Middleton v. State

59 So. 2d 320 | Miss. | 1952

Roberds, P. J.

Middleton was convicted of the offense of driving a motor vehicle upon a public highway of this State at a time when his license so to do had been suspended by the Commissioner of Public Safety. On this appeal he raises a number of questions.

He says he could not tell from the affidavit whether he was charged with so driving when his license had been suspended or when it had been revoked. Whether the license had been suspended or revoked is immaterial. Section 8110, Mississippi Code 194-2, bases the offense upon such driving when the license has been “canceled, suspended or revoked”. The gravamen of the crime is the driving when the driver has no license to drive.

He says the original affidavit did not charge that he was driving upon a public highway in Mississippi. That is true, but the amendment to the affidavit charged *699he was driving in district 5 of Marion County upon “highway No. 24 of the State of Mississippi.” It is not contended that the circuit court did not have the power to permit the amendment to be made.

It is next argued that the State should have been required to introduce the original order suspending appellant’s license — that the certified copy of such order which was introduced was not competent. Section 1725, Mississippi. Code 1942, provides that all public officers of this State, having charge or custody of public records, books, etc., are authorized to certify copies of such records, “which copies shall be received in evidence in all cases where the original or a sworn copy would be evidence.” That section is applicable to the Commissioner of Public Safety. Such a sworn copy was introduced in evidence in this case. It was competent.

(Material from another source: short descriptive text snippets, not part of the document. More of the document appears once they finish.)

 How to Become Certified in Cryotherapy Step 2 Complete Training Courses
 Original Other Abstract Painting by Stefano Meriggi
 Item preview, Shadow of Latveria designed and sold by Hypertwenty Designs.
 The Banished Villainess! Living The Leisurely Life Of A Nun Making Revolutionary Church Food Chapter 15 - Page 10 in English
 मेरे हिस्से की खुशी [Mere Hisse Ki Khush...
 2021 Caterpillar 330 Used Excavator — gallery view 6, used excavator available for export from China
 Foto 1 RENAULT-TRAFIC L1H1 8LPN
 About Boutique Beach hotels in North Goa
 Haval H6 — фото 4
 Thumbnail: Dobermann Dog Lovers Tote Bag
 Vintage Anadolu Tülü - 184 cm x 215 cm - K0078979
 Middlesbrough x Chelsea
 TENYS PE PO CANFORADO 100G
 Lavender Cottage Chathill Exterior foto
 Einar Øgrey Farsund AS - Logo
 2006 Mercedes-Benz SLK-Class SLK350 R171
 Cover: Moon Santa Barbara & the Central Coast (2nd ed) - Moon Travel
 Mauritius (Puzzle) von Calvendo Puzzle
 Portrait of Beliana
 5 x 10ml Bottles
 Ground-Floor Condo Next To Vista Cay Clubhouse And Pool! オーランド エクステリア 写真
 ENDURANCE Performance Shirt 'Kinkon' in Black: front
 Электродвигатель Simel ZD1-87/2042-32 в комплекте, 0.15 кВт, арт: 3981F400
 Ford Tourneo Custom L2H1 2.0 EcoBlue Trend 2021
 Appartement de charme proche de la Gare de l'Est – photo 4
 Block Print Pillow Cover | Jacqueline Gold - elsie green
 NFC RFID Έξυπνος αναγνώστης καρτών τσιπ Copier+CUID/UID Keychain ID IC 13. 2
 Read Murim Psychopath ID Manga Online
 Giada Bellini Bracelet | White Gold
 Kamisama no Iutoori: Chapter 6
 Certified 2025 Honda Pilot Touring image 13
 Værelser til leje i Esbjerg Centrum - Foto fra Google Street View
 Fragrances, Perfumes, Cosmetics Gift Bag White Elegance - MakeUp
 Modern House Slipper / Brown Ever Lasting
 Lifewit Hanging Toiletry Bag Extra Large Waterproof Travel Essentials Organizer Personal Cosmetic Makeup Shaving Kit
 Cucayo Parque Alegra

Appellant says it was necessary that he be given notice of such suspension and that the proof shows he did not receive such notice. Section 8107, said Code, does make it the duty of the Commissioner to give written notice to a licensee of the suspension of his license. We do not pass upon the effect of failure to do that, because whether, as a fact, appellant received such notice was submitted to- the jury under an instruction obtained by Middleton, and the jury found that he had received it. But he says the jury should not have been permitted to so find under the evidence in this case. Here is the evidence: Defendant testified he did not receive it. That was his proof. The evidence for the State was this: Y. H. Strickland, a member of the Mississippi State Highway Patrol, testified that appellant had been convicted some four or five times of reckless and drunken driving; that the witness went to the home of appellant and obtained his mailbox number and address and reported that to the Commissioner; that notice of the suspension was mailed to appellant and never returned. The Commissioner sent to Mr. Strickland a certified copy of the order suspending appellant, which certificate *700recited “I hereby certify this is a true and correct copy of the notice of suspension as mailed to Percy Middleton on October 31, 1950, and has not been returned to us for failure of delivery by the postal authorities”. That certified copy was introduced in evidence. Strickland also testified that he notified appellant of his suspension. It will be noted the suspension is dated October 31, 1950. Defendant was a resident of Marion County. He did not surrender his suspended license as requested by the order of the Commissioner and as was his duty under the law, but on December 11, 1950, he applied to the sheriff of Copiah County for renewal of his Marion County license. This testimony on behalf of the State justified the finding by the jury that Middleton received the notice of suspension of his license mailed to him by the Commissioner, especially in view of the fact appellant had been convicted a number of times of violation of the traffic laws of the State which naturally affected the weig’ht of his testimony before the jury.

Affirmed.

Lee, Kyle, Arrington and Ethridge, JJ., concur.